Hello there,
I have a real problem. In the definition of the format of the data file in the URLyBird notes it says this:
All numeric values are stored in the header information use the formats of the DataInputStream and DataOutputStream classes. All text values, and all fields (which are text only), contain only 8 bit characters, null terminated if less than the maximum length for the field. The character encoding is 8 bit US ASCII. The poor English in first sentance is not a typo on my part - its an exact quote. I assume what they mean is:
All numeric values that are stored in the header information use the formats of the DataInputStream and DataOutputStream classes.
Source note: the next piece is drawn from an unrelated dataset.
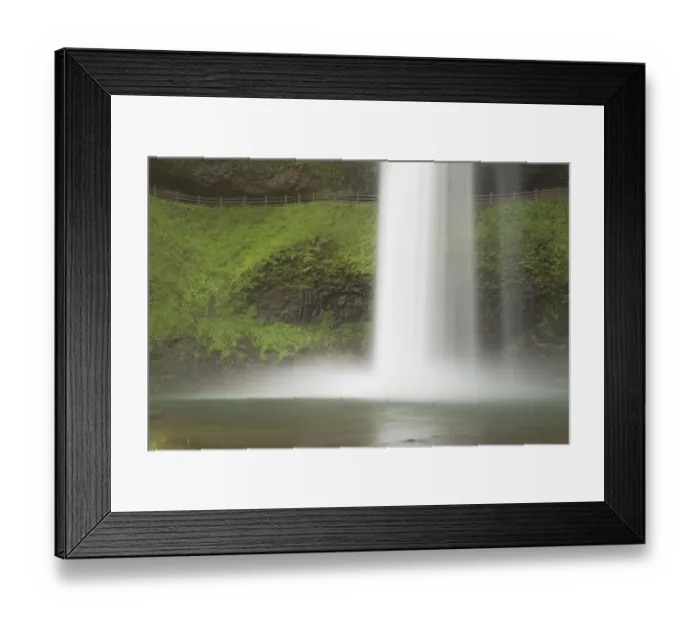 Framed Print : USA, Oregon, Silver Falls State Park. South Falls scenic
Or even:
All numeric values stored in the header information use the of formats the DataInputStream and DataOutputStream classes. Either sentance would make sense. Although its not a big deal, it makes me doubt the accuracy of what they say elsewhere in the paragraph (indeed, the whole document). Especially where it says:
The character encoding is 8 bit US ASCII. I was going to use the constructor for
String which takes a byte array and a charset name to convert an array of bytes into the correct character string. However, the documentation for the constructor referred me to the Charset class for a list of allowed charsets. The only US ASCII one was:
US-ASCII - Seven-bit ASCII, a.k.a. ISO646-US, a.k.a. the Basic Latin block of the Unicode character set. Thats seven bit US-ASCII, not EIGHT bit US-ASCII. I assume if I use this charset to decode the bytes I'm going to end up with the wrong characters. Am I missing something here?